The Cray-1 was a supercomputer designed by a team including Seymour Cray (he did the vector register technology) for Cray Research.

The first Cray-1 system was installed at Los Alamos National Laboratory in 1976. The National Center for Atmospheric Research (NCAR) was Cray Research's first official customer in July 1977, paying US$8.86 million ($7.9 million plus $1 million for the disks). The NCAR machine was decommissioned in January 1989.

The Cray-1A weighed 5.5 tons including the Freon refrigeration system. The computer had a 'horse-shoe' cross-section in order to reduce wire lengths within the casing, no wire in the system was more than four feet long (1.2 m). It used vector processors and contained 200,000 specialized ECL circuits. The CRAY-1A had a 12.5-nanosecond clock (80 MHz), 64 vector registers, and 1 million 64-bit words of high-speed memory (8MB of RAM).

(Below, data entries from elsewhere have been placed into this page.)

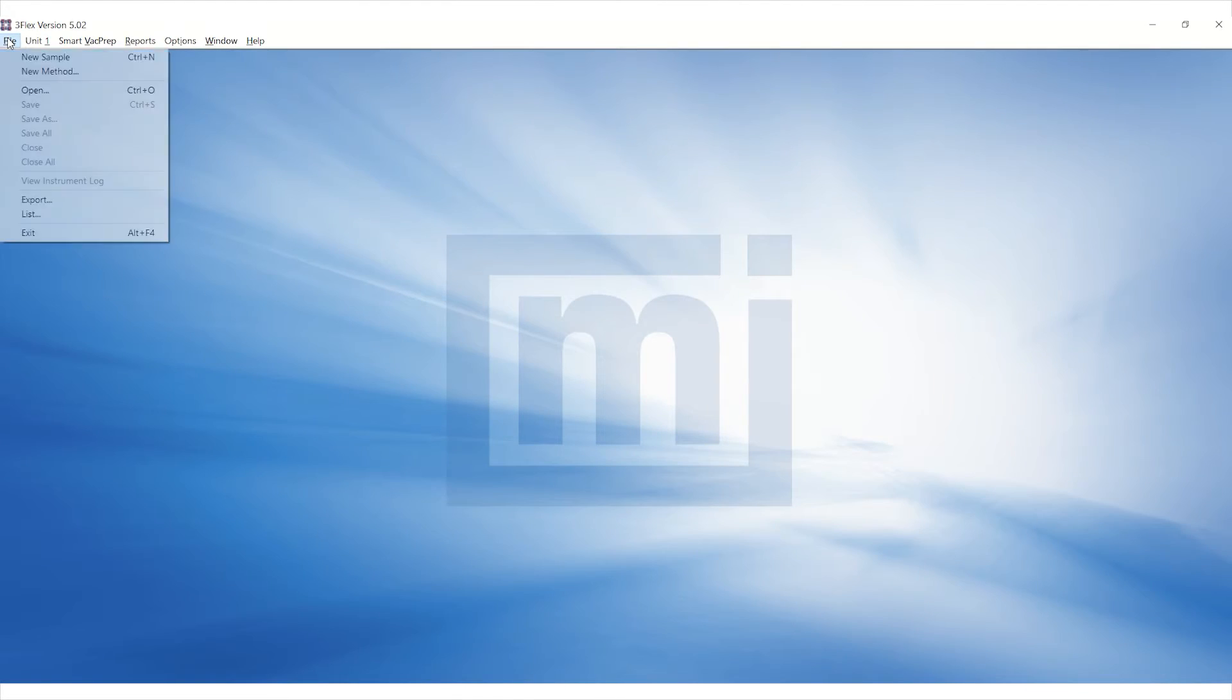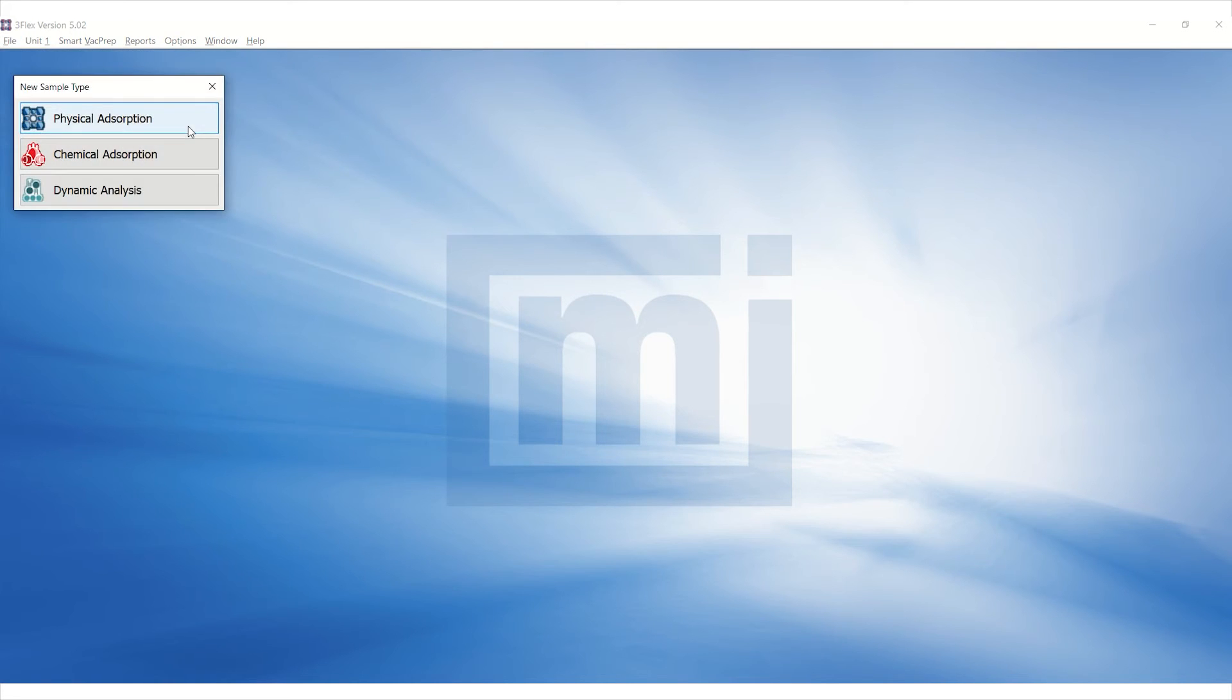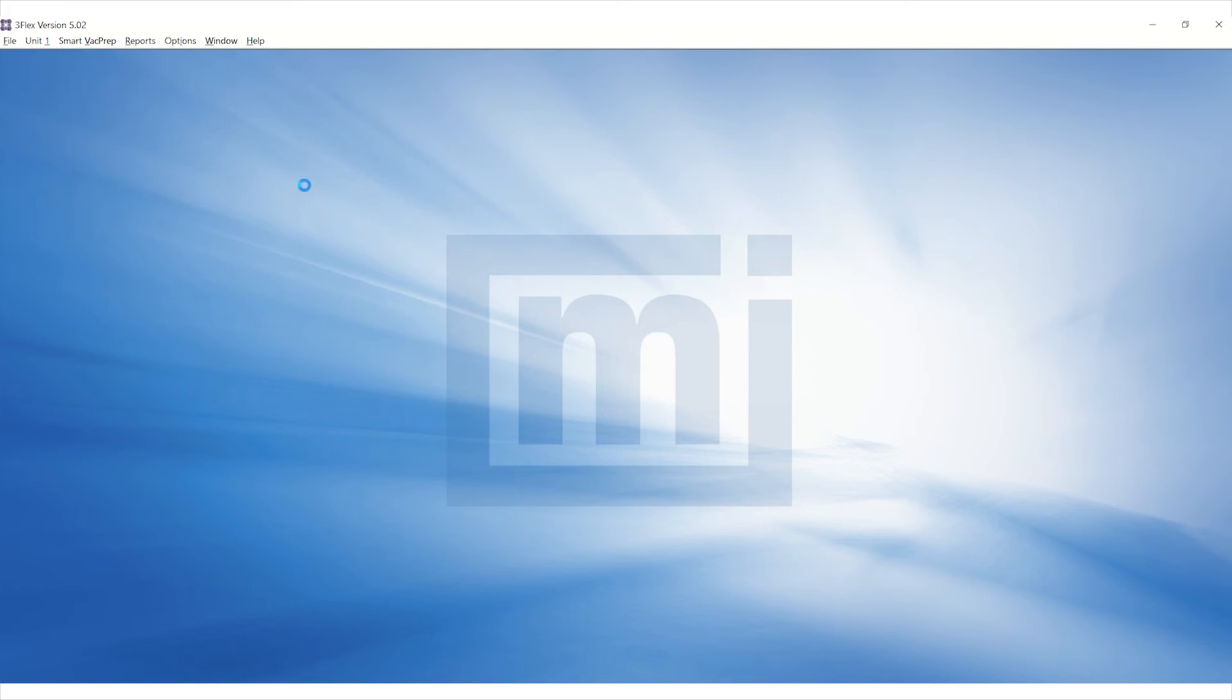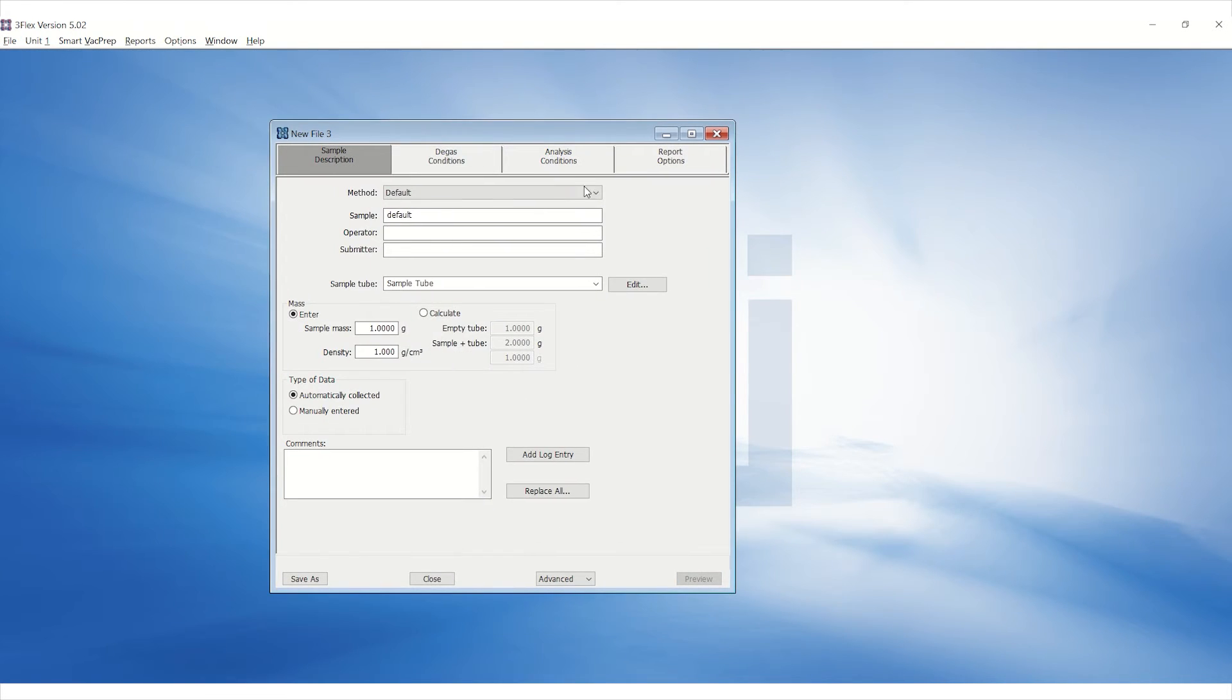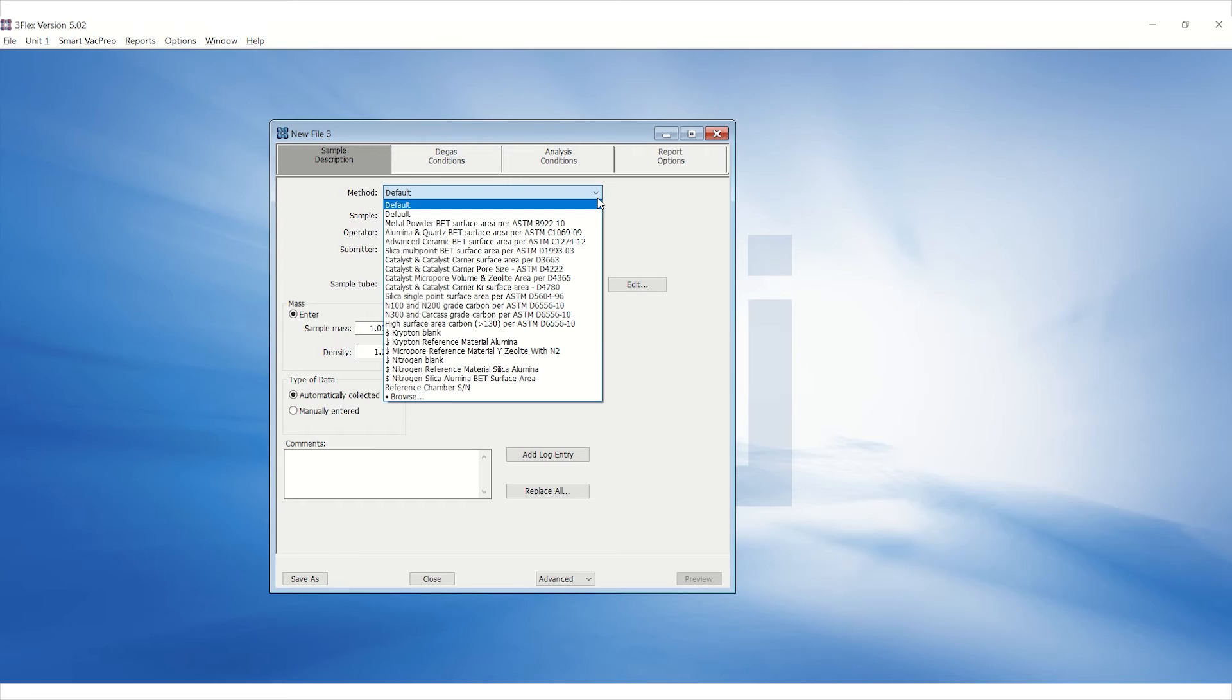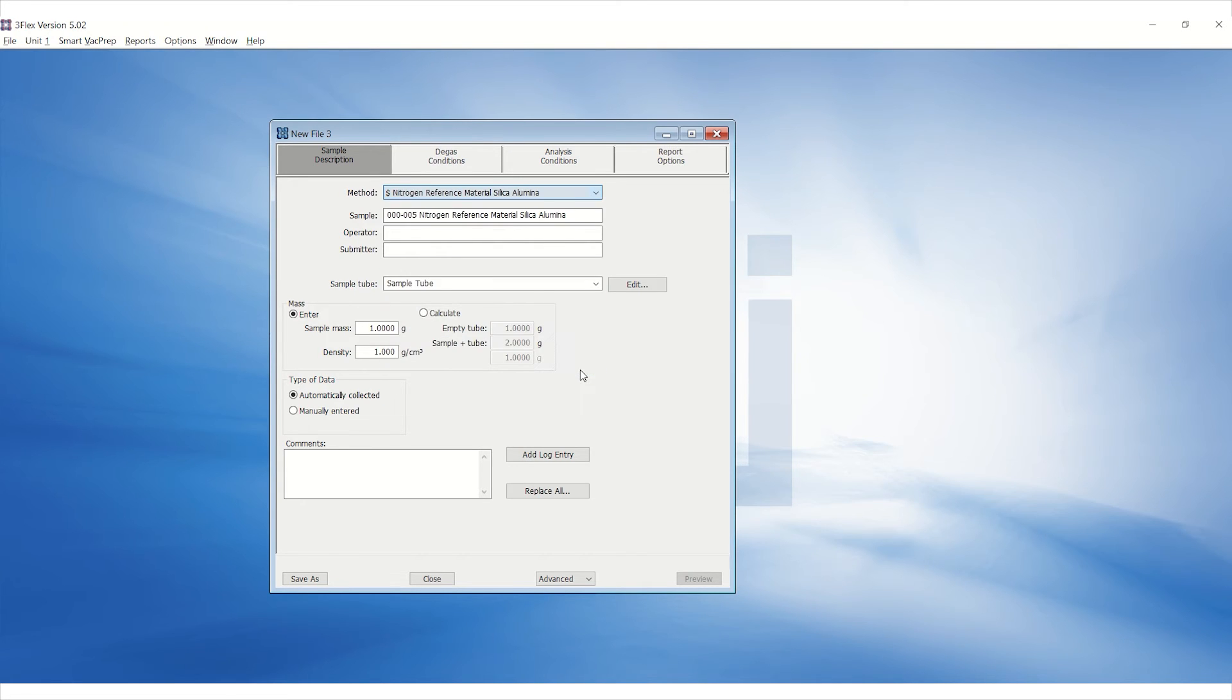To create a sample file, go to the File menu and click on New Sample. Select Physical adsorption for the new sample type. Click on the Method drop-down box and select Nitrogen Reference Material Silica Alumina.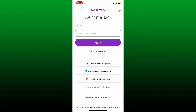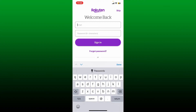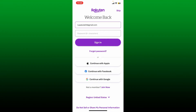Since I signed up using my email and password, let me go ahead and type in the email associated with Rakuten. In the first text box where it says 'Email,' type in your correct email address, and type in your password in the next field. After you're done typing in the information, tap on the 'Sign In' button to access your account. If you don't remember your password, you can get help by tapping 'Forgot Password' and following the prompts.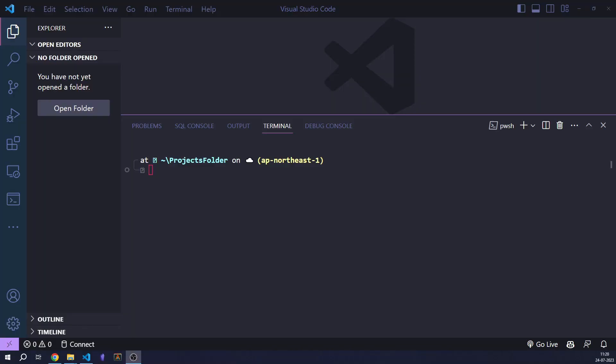Hello everyone, today I'm going to tell you how to use the shadcn library in your own NextJS projects, and also how it works. I truly believe that you should know each and every library and how it works in your NextJS project, because you have nothing to lose when you learn something new.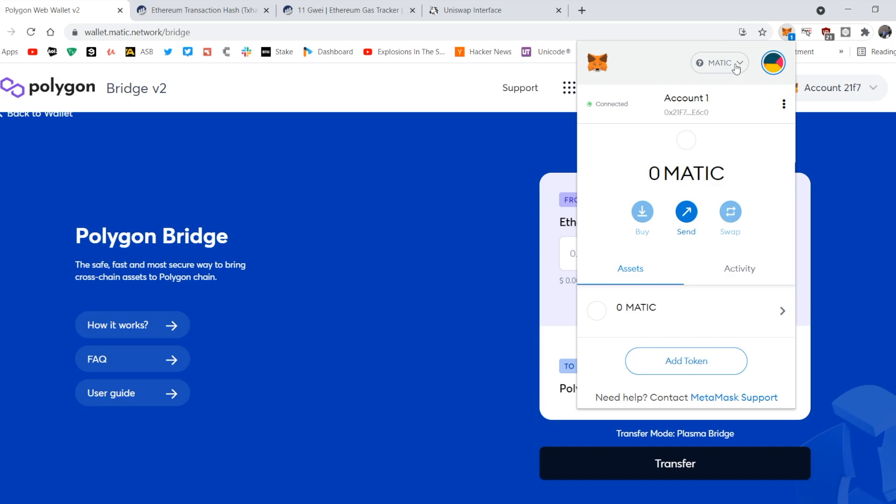And there you go. And then you can spend your MATIC on any transaction you want. Sweet. Have fun.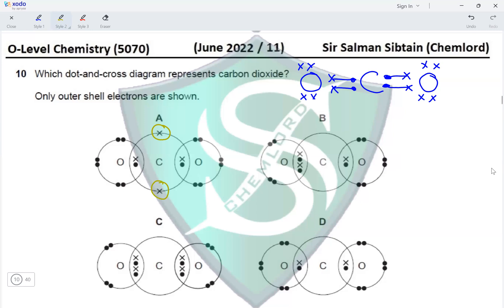In Option A, three electrons are shown on carbon — incorrect. Option B shows a double bond on the left but a single bond on the right oxygen — incorrect. Option C shows a double bond on both sides, no unbonded electrons on carbon, and two lone pairs on each oxygen — this is correct. Option D shows single bonds on both sides — incorrect. Option C is correct.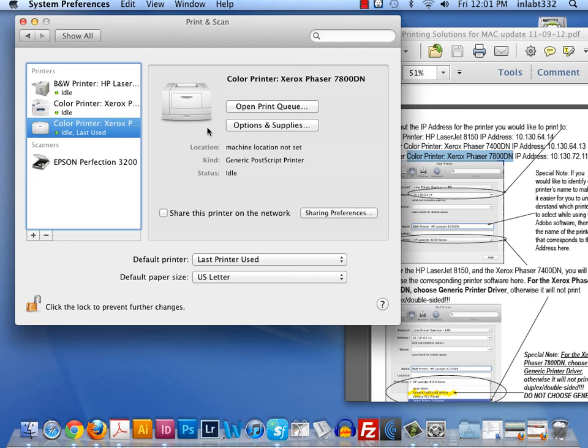In my next video, I will cover how to print a multiple-page document through InDesign to any one of these printers. Thank you, and happy printing!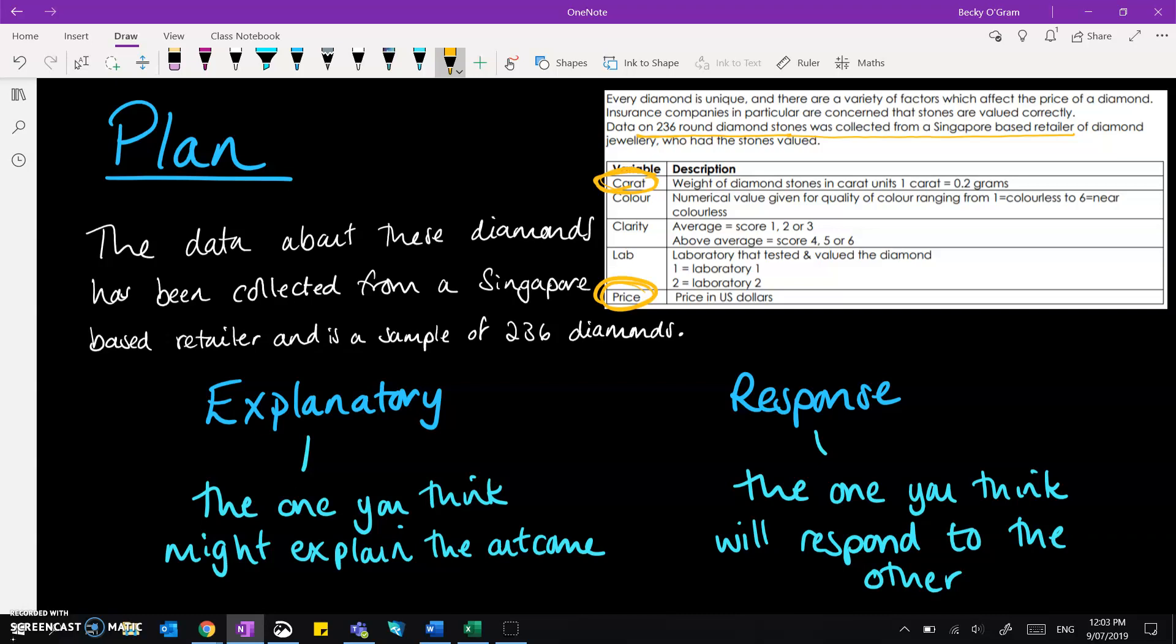So this way around we would expect the carat to be the explanatory one and the price responds to the weight. It wouldn't really make sense to put it the other way around to say that the price would explain how big a diamond is and the diamond size would respond to the price that we put on it. It would make much more sense to say it the other way around.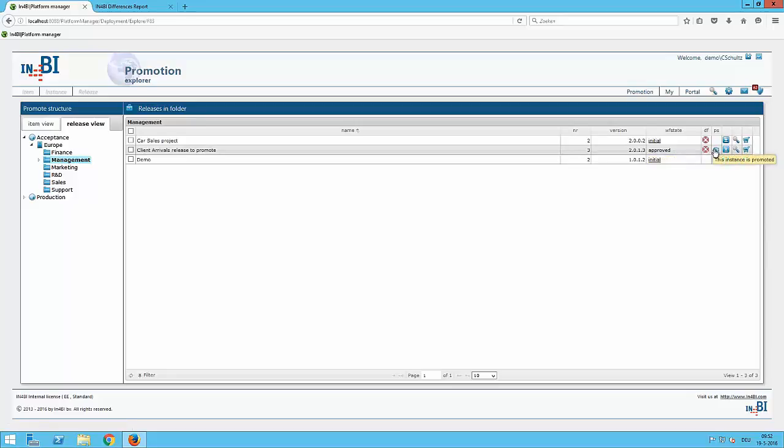This was just a short overview of the task of the promotion manager and how he can handle it easily with the platform manager. We have an active approval of each ClickU file. And we can track this easily with the data in the database of the platform manager.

It could execute over 80 million floating-point operations per second (MFLOPS), and later Cray-1s increased this to a world-record speed of 133 MFLOPS.

In 1978, the first standard software package for the Cray-1 was released, consisting of the Cray Operating System (COS), the first automatically vectorizing Fortran compiler (CFT), and the Cray Assembler Language (CAL). Later machines ran UniCOS, the Cray flavour of UNIX.

Priced from $5M to $8M, around 80 Cray-1s of all types were sold.

The Cray-1 was succeeded in 1982 by the 500 MFLOPS Cray X-MP, the first Cray multi-processing computer, and in 1985 by the Cray-2, capable of 1.9 GFLOPS.